### Exercise directions
In the listing below, the lines from the first through the one with "Herren-Business-Retro-Weihnachtskunst-Druck-Langarm-Hemd A /" are to be copied word for word.

### Data
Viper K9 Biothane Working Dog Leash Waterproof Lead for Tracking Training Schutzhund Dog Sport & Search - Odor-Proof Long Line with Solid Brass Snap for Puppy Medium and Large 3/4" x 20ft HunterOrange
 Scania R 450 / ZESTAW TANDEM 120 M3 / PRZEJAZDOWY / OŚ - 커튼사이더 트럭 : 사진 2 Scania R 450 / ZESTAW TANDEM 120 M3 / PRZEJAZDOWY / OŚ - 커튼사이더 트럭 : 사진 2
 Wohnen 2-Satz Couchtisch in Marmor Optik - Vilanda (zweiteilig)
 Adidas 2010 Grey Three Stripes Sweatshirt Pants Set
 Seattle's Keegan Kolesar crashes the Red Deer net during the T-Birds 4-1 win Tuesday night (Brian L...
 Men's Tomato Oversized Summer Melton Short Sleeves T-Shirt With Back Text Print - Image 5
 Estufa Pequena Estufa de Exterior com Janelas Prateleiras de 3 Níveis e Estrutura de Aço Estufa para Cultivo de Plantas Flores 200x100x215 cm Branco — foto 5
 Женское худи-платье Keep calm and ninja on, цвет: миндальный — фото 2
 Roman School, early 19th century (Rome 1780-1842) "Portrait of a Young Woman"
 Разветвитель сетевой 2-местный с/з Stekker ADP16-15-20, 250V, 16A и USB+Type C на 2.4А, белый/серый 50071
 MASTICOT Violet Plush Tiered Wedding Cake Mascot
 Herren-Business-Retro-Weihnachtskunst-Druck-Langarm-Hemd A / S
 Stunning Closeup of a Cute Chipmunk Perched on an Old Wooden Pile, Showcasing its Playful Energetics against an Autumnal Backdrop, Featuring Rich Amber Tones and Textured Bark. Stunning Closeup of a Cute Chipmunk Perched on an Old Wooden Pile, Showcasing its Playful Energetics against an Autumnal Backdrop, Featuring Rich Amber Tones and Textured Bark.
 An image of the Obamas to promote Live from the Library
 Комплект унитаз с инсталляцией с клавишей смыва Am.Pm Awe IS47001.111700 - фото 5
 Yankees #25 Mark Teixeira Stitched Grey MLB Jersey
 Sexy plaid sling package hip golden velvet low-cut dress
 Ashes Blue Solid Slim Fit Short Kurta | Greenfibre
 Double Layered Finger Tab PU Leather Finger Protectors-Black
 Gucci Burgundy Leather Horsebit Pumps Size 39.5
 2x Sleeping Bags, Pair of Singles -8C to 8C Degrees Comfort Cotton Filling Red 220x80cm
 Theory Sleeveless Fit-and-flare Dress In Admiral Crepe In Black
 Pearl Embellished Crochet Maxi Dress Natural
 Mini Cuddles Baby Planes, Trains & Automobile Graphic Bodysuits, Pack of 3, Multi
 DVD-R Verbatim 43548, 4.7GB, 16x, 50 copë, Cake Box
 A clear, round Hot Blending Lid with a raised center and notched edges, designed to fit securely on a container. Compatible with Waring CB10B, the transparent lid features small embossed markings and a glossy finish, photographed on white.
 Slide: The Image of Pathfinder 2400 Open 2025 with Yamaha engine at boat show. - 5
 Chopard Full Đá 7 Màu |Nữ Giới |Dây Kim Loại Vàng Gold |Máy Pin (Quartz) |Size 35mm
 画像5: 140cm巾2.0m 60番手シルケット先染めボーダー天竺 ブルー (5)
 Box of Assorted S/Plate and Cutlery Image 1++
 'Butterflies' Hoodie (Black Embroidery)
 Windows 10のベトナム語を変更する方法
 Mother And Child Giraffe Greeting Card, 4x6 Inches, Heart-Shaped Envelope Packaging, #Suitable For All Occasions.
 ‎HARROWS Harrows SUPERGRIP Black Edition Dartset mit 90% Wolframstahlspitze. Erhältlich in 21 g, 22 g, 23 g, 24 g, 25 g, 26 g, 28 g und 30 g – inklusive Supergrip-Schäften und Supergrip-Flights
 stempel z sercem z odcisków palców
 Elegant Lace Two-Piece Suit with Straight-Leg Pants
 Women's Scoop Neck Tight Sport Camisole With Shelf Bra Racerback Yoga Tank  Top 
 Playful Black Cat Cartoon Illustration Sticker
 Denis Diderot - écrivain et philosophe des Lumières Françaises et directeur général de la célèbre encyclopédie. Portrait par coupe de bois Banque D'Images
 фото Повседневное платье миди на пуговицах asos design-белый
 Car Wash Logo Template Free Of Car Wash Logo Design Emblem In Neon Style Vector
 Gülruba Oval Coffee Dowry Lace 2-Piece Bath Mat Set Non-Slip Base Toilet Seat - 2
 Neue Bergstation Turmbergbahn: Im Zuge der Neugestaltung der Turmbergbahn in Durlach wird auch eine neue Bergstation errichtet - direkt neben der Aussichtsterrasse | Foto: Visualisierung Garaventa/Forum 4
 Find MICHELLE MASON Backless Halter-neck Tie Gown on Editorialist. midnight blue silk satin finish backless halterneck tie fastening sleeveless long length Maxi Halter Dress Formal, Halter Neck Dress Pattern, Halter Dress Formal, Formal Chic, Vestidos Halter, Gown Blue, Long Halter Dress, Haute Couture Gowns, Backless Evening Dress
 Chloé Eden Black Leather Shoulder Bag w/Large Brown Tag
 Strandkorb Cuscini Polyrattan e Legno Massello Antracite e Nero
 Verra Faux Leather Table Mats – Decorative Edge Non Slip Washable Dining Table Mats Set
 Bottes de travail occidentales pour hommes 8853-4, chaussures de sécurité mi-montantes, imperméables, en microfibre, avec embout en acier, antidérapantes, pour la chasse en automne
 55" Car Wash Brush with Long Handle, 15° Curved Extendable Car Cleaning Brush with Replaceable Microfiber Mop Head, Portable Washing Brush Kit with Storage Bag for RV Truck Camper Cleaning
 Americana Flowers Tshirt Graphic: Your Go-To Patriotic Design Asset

### Output of the exercise
Viper K9 Biothane Working Dog Leash Waterproof Lead for Tracking Training Schutzhund Dog Sport & Search - Odor-Proof Long Line with Solid Brass Snap for Puppy Medium and Large 3/4" x 20ft HunterOrange
 Scania R 450 / ZESTAW TANDEM 120 M3 / PRZEJAZDOWY / OŚ - 커튼사이더 트럭 : 사진 2 Scania R 450 / ZESTAW TANDEM 120 M3 / PRZEJAZDOWY / OŚ - 커튼사이더 트럭 : 사진 2
 Wohnen 2-Satz Couchtisch in Marmor Optik - Vilanda (zweiteilig)
 Adidas 2010 Grey Three Stripes Sweatshirt Pants Set
 Seattle's Keegan Kolesar crashes the Red Deer net during the T-Birds 4-1 win Tuesday night (Brian L...
 Men's Tomato Oversized Summer Melton Short Sleeves T-Shirt With Back Text Print - Image 5
 Estufa Pequena Estufa de Exterior com Janelas Prateleiras de 3 Níveis e Estrutura de Aço Estufa para Cultivo de Plantas Flores 200x100x215 cm Branco — foto 5
 Женское худи-платье Keep calm and ninja on, цвет: миндальный — фото 2
 Roman School, early 19th century (Rome 1780-1842) "Portrait of a Young Woman"
 Разветвитель сетевой 2-местный с/з Stekker ADP16-15-20, 250V, 16A и USB+Type C на 2.4А, белый/серый 50071
 MASTICOT Violet Plush Tiered Wedding Cake Mascot
 Herren-Business-Retro-Weihnachtskunst-Druck-Langarm-Hemd A / S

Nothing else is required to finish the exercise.